Por Rodrigo Guéron*
I
Há um problema na fala da esquerda quando ela insiste que “a extrema-direita produz um discurso de ódio”, qual seja, o de não perceber e/ou deslegitimar o sentimento social e, consequentemente, a desejabilidade social de onde emerge esse ódio, partindo do pressuposto que a extrema-direita produz algo a partir do nada. É nesse sentido que a lógica de “opor o amor ao ódio”, ainda que em certas circunstâncias específicas da luta política possa fazer algum sentido, quando assume o caráter central de uma estratégia política, tende a se tornar apenas uma estratégia conservadora, ou seja, uma estratégia pela estabilização de uma situação dada. E esse é um problema central do governo Lula, que aparece, em primeiro lugar, na sua estratégia econômica e política: a toda pressão social ele opõe o discurso da estabilidade – “estabilizar a economia”, “reconstruir o Estado” … — sem considerar que pode haver uma indignação legítima por traz desta pressão. É por isso que ele aparece, algumas vezes de fato age, como conservador.
Esta é uma estratégia política que desconsidera completamente algo que vem da experiência real das pessoas: dos trabalhadores, dos empobrecidos, dos que vivem vidas subalternizadas, precárias, trabalhando tantas vezes de forma extenuante. Me refiro a algo como uma sensação mais ou menos difusa, mas ao mesmo tempo fortemente presente, de que existe um poder dominante que expolia as pessoas, o fruto de seus trabalhos, seus direitos e suas vidas de uma forma geral, e até mesmo – ou talvez “sobretudo”, no contexto atual do capitalismo – seus desejos, afetos e criações. Há um sentimento evidente, e legítimo, de que se tem uma boa parte da vida roubada: sugada, extraída; o que nada mais é do que a percepção da ação do processo de extração de mais-valia típico do capitalismo.
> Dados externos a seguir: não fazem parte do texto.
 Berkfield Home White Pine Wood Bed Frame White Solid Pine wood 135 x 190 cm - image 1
O que de fato se quer estabilizar? Uma das sociedades mais desiguais e injustas do mundo – senão a mais – entre as nações industrializadas? O que significa, por exemplo, o governo se orgulhar que o desemprego está baixo? Está certo que esse pode ser um exemplo de boa gestão macroeconômica, mas para a esmagadora maioria da classe trabalhadora empregada isso apenas significa que ela está trabalhando de forma extenuante e ganhando salários baixos, muitas vezes miseráveis, para manter aquecida uma produção social e econômica organizada de uma maneira que tira dela muito e não lhe devolve nada, ou muito pouco.
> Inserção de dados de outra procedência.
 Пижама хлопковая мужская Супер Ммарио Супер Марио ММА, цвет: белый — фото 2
O fato é que tanto no que se convencionou chamar de “fascismo histórico”, quanto no de hoje, a extrema-direita mobiliza uma energia social de revolta de fonte absolutamente legítima e real; parte importante de sua força política vem daí, ainda que não apenas. O fascismo entra no meio da relação entre necessidade e desejo, atuando no limiar, ou na passagem, de uma para o outro. E assim ele captura as experiências-limite vividas pela grande maioria da população, transformando a positividade desejante da revolta no paradoxo do desejo de morte; o que não tem nada a ver – e aqui me torno um pouco acadêmico – com algum tipo de “pulsão de morte” naturalizada como uma suposta instância essencial do desejo, como concebeu a psicanálise, e sim com o desejo de morte como algo socialmente produzido.
Pode-se dizer que o fascismo tem aí um mecanismo de captura da raiva social e de transformação desta em ódio, que ele de fato intensifica e dissemina; ou ainda que ele distorce a revolta na direção de um bode expiatório até o limite do discurso – e principalmente do sentimento – que é preciso travar uma guerra contra algum inimigo que se não for destruído, nos destruirá. Mas, insistimos ainda mais uma vez: não se trata de uma força social criada do nada.
II
Pois bem, o equívoco do enunciado “a direita produz discurso de ódio” está muito próximo do de outro “o problema do governo Lula é a comunicação”. Ambos são casos de uma confusão entre o sintoma de um problema, e o problema todo, além de estarem relacionados entre si. Se o primeiro é falta de sensibilidade e escuta para um sentimento social legítimo, o segundo é a dificuldade de entender que se este sentimento não tiver como resposta a construção de uma ação política partir dele, o governo tende a se tornar impopular e ser derrotado. De fato, não é falso que, até aqui, a estratégia de comunicação do governo Lula tem sido ruim, mas ela não mudará muita coisa se não for pensada antes como um problema político.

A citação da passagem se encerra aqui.